Love him or leave him . . . .

Love him or leave him  ?  
That is the question.
How can I stay with him, the betrayal of the worst kind,   
My heart ripped out of my chest, dripping with blood but no care or concern in his voice or gaze for my heartache. 
Stabbed in the back by the one who should have always had mine,  
Why, oh why did you do it ?  
The question to which there is no answer,  rather none that will satisfy my curiosity. 
You had everything,  all the others yearn for all their lives but you threw it all away for moments that meant nothing to you then,  and even little now.
Now you regret, now you see the damage done to another, by you and solely you.
I dont know myself, you made me feel wanted, desired and loved like you had no other . . . .then the years of lies,  deceit and betrayal came to the surface and my perception of all changed.
I lost who I was, why I was here, here with you. Should I stay and fight for the years spent together,  years that were to me bliss, I could ask for no more, grateful for all that I had, and that I had you.
But now I am left to wonder, did I do right to stay with you, living each day with a heavy heart, this pain will never go from my mind, pain you and you alone are responsible for my love. 

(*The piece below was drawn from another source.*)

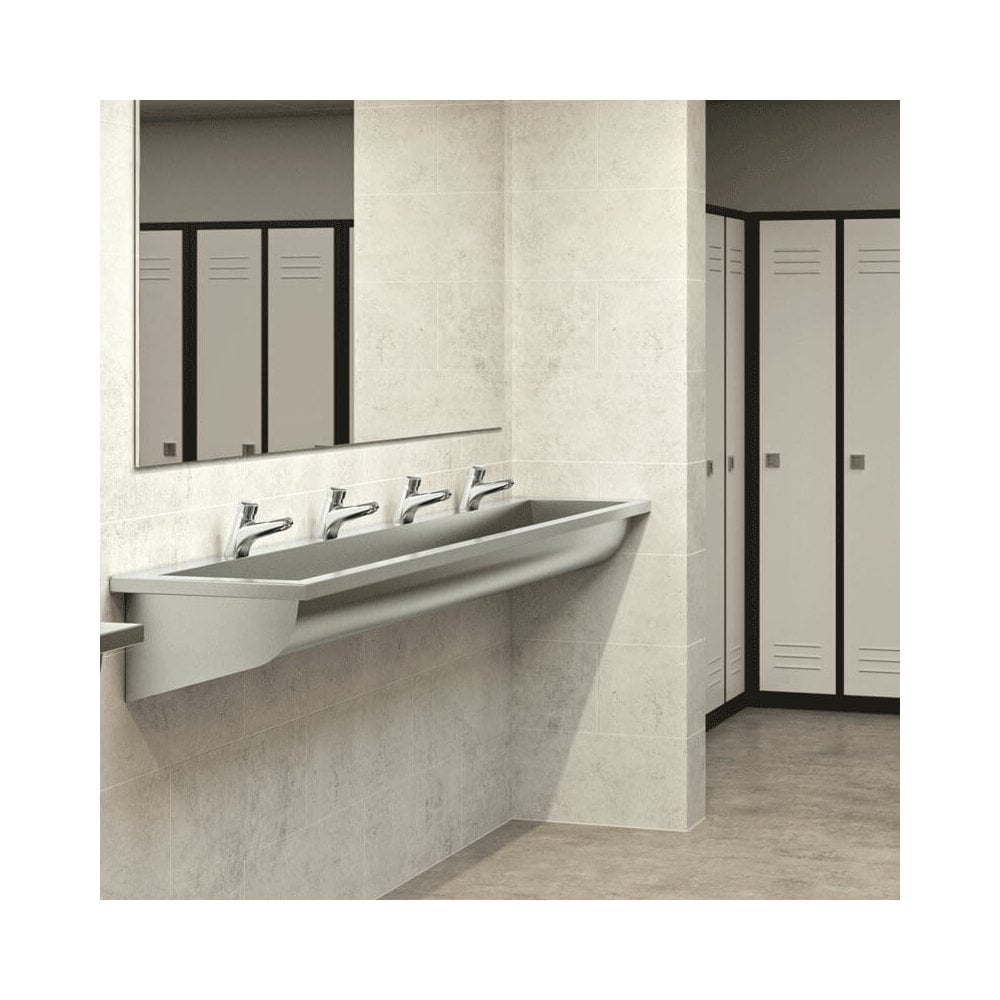 CANAL Wall-Mounted Stainless Steel Wash Trough L.1200mm with 2 x Ø22mm tap holes 121250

How could you deceive me so ?  
Words of forgive me and sorry are repetitive and mean less and less the more you say them, these same words you said to them, not meaning them at all, just to look good in everyone's eyes.
Should have I been brave enough to leave you and start afresh, not to think about you but the devastation you caused will always be there. But then some may say that I am the brave one to stay with you after all ive endured.
Even now I think, should I leave him, set myself free ? 
What will my existence be like without you ?  Will we actually get along better, as friends . . . Maybe  ?
Who knows  . . . . .you don't want to be alone, thats why you want me suddenly cos you cannot play your little game anymore, youve been exposed, they know the truth about you.
Cannot say if I love you, the words will come upon my lips.
Leave you, i dont know, maybe time will tell.
Love him, not really  . . . .leave him  ?  Not right now.